What drives someone to want to change the world?

Pure market economists would tell us that self-interest drives innovation. But Wall Street has shown that one’s self-interest is better served by financial manipulation than by inventing or creating something of lasting value. For those who have opted for entrepreneurship, rational self-interest dictates that they reach for low hanging fruit. Our market opportunities are so large that it is unnecessary to aim high when even a modest opportunity can result in millions of dollars in profits. For example, a well-known technology incubator recently launched an underwear delivery service. Unless you’re someone who finds it difficult to keep your underwear clean, I hardly think this qualifies as game-changing, and yet I hear the company is doing well. Who’s to judge them? After all, they are being rational. Why shoot for the stars when success can be had at significantly lower risk?
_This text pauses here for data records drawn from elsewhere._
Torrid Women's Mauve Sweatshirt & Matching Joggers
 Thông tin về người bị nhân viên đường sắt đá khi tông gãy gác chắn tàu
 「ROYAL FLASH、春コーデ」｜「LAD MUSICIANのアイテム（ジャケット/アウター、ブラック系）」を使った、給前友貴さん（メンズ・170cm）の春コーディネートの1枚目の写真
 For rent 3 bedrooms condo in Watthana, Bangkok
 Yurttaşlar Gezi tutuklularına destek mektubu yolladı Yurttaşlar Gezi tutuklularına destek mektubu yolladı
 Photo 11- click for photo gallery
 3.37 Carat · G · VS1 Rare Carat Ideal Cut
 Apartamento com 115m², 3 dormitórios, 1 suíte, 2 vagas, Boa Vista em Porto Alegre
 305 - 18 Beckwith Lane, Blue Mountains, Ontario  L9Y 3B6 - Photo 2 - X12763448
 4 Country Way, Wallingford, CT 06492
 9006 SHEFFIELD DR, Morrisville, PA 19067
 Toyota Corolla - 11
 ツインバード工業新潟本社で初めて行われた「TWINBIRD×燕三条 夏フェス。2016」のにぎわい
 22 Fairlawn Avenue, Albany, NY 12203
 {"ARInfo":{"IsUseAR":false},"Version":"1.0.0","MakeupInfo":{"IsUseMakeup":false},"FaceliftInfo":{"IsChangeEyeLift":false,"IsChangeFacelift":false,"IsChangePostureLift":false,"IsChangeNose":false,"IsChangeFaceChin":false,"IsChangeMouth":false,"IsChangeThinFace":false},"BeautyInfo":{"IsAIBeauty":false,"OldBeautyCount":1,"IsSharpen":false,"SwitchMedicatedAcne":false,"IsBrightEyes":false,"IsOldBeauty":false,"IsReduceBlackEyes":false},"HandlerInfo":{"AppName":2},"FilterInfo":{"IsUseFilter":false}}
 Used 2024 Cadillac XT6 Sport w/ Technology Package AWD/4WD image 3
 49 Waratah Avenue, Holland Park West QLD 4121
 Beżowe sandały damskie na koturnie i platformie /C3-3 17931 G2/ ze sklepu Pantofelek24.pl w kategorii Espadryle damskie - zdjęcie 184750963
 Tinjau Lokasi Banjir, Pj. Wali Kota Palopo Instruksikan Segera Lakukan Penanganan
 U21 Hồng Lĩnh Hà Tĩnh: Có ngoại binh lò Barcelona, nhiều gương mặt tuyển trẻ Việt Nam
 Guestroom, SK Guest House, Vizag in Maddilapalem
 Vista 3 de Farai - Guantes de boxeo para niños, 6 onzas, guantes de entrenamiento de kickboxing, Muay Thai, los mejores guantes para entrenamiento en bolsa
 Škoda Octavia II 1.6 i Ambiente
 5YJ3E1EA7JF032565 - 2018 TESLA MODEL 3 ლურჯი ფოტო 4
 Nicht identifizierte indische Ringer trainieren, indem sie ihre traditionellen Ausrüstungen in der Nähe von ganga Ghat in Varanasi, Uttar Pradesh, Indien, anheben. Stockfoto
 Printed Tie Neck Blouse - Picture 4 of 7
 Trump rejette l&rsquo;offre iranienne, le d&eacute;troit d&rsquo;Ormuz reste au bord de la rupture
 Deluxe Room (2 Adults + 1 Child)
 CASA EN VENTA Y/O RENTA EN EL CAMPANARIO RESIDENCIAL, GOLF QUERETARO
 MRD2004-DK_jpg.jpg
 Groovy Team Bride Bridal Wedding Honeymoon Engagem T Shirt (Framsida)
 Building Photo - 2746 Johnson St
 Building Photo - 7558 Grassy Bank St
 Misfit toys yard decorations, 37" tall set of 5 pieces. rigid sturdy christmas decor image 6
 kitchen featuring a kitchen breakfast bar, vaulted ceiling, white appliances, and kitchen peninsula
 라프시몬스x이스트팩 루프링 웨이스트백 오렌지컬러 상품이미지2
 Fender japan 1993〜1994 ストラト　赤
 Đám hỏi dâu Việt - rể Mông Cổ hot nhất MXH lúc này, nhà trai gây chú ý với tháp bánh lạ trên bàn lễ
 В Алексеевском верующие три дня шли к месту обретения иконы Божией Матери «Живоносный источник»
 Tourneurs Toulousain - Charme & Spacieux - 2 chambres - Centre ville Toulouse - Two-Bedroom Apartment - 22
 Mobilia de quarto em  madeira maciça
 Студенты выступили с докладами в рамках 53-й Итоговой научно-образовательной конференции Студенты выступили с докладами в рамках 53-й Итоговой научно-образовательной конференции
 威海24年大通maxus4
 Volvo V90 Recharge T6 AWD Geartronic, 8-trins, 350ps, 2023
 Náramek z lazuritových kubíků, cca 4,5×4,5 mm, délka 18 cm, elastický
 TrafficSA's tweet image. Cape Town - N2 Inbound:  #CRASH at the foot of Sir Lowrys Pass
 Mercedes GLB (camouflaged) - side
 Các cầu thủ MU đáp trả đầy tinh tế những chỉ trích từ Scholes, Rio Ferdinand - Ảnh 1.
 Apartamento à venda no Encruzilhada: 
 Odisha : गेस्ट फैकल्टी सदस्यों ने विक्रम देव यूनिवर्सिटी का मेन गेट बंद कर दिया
The next question is one of necessity. As Plato said, it is “necessity who is the mother of invention.” In the developed world, are there really any necessities? Even if nothing else is invented in our lifetimes, we still live lives many times wealthier and more comfortable than any generation before us. When our ancestors were forced to invent a spear or crossbow, the necessity was to prevent their families from starving. Today, many of us face no such pressing need. In terms of necessity, the modern world is similar to the airplane. For the first 70 years after the Wright brothers flew, airplane development grew by leaps and bounds. But, since the 747 made its first commercial flight in 1970, development in airplanes has nearly ground to a halt. Once we reached pressurized cabins and jet engines, the pressing need to innovate all but disappeared.